▸ **Exercise aim**
Within the data below, determine how many lines contain "neutral" and supply only that figure.

▸ **Record excerpts**
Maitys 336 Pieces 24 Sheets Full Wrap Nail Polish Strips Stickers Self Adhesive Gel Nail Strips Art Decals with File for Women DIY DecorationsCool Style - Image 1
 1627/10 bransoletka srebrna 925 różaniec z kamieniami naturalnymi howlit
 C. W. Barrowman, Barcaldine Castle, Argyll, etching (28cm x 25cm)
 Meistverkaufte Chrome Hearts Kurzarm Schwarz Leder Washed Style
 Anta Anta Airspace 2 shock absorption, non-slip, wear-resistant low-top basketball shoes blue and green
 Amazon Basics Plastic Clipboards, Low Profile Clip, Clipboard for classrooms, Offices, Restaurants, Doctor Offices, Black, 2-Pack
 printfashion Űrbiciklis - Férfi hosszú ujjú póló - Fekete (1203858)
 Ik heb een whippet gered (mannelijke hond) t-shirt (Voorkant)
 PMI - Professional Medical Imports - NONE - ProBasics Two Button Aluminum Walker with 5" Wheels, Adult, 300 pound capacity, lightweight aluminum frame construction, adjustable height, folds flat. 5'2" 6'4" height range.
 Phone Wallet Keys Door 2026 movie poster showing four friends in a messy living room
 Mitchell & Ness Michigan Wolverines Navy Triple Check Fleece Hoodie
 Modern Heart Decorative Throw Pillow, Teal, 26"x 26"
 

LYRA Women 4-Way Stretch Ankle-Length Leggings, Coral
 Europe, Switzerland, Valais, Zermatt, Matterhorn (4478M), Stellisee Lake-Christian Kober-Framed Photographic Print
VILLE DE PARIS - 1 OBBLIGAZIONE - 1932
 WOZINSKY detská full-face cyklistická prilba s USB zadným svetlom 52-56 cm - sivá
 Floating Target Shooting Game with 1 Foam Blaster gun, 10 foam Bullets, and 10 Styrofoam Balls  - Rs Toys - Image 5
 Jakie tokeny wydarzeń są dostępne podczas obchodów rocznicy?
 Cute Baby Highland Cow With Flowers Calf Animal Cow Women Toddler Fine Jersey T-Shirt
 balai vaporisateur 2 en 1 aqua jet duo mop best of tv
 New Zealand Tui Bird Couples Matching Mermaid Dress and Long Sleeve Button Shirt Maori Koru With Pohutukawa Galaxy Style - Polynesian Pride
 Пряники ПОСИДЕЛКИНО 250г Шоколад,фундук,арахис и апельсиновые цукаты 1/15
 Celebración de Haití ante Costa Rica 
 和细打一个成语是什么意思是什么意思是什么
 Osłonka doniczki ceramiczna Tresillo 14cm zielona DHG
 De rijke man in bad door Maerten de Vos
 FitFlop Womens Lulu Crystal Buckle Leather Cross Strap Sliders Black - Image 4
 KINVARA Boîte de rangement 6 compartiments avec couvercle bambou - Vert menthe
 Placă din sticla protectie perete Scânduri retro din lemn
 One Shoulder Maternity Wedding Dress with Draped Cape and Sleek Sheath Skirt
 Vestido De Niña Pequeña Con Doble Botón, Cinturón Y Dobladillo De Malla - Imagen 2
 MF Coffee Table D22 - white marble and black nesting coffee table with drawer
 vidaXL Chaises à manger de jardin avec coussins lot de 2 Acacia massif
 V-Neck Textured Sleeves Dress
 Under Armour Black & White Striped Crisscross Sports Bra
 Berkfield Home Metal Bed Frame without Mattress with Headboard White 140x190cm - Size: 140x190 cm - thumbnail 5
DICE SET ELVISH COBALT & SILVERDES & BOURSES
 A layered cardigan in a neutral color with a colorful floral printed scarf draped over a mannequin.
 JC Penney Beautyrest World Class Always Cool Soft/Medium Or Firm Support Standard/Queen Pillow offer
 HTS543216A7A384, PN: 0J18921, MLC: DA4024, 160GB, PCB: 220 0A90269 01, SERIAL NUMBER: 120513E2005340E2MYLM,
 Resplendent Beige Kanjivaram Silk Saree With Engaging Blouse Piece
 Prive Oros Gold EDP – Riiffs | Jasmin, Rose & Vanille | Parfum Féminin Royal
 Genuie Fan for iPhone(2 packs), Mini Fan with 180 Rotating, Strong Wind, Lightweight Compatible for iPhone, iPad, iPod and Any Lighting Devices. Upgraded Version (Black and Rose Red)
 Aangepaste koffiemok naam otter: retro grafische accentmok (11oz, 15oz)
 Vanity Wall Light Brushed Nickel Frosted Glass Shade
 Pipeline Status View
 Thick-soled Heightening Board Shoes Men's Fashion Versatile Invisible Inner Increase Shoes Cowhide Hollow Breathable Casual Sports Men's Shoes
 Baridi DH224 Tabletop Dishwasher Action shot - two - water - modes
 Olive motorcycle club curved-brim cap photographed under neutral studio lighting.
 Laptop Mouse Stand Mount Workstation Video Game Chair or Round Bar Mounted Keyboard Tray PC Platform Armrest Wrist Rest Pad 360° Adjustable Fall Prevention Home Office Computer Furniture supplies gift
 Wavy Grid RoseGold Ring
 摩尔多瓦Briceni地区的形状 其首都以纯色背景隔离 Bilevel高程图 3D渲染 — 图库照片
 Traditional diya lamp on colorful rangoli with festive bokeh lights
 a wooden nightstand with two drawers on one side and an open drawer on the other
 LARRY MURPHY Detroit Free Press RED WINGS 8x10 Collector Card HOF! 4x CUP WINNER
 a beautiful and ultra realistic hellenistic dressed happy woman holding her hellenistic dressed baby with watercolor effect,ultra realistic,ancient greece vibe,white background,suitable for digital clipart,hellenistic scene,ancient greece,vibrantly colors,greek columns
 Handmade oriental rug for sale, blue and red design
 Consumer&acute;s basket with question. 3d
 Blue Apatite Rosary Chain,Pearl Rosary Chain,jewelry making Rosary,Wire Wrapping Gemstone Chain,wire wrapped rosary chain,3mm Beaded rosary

▸ **Exercise response**
2